Top of Collected data

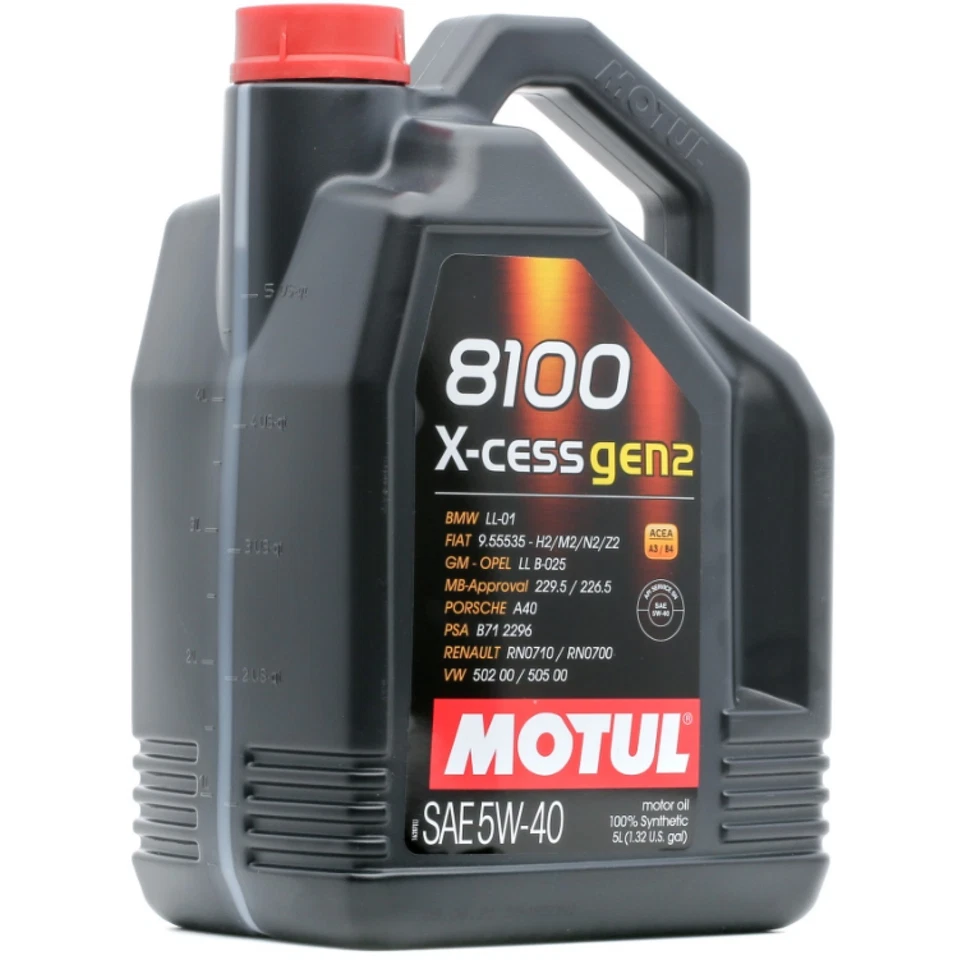 MOTUL 8100 X-CESS GEN2 5W40 Huile Moteur 5L - A3/B4 BMW LL01 MB 229.5 VW 502/505 - Photo 2/3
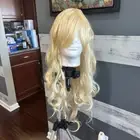 Pale Blonde Curly Long Wig with Bangs Cosplay Costume Wig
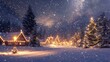 © SamsuAI - Snowy Christmas Night in European Village
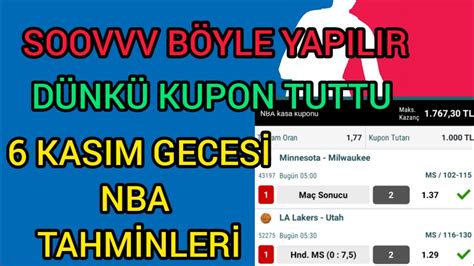 KUPONUMUZ TUTMUŞTUR SERİYE DEVAM 6 KASIM NBA İDDAA TAHMİNLERİ BANKO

Bottom of Collected data

About this exercise >>
An unaltered copy of the material, without images, should be set down.

Exercise solution >>
 MOTUL 8100 X-CESS GEN2 5W40 Huile Moteur 5L - A3/B4 BMW LL01 MB 229.5 VW 502/505 - Photo 2/3
 Pale Blonde Curly Long Wig with Bangs Cosplay Costume Wig
 © SamsuAI - Snowy Christmas Night in European Village
 KUPONUMUZ TUTMUŞTUR SERİYE DEVAM 6 KASIM NBA İDDAA TAHMİNLERİ BANKO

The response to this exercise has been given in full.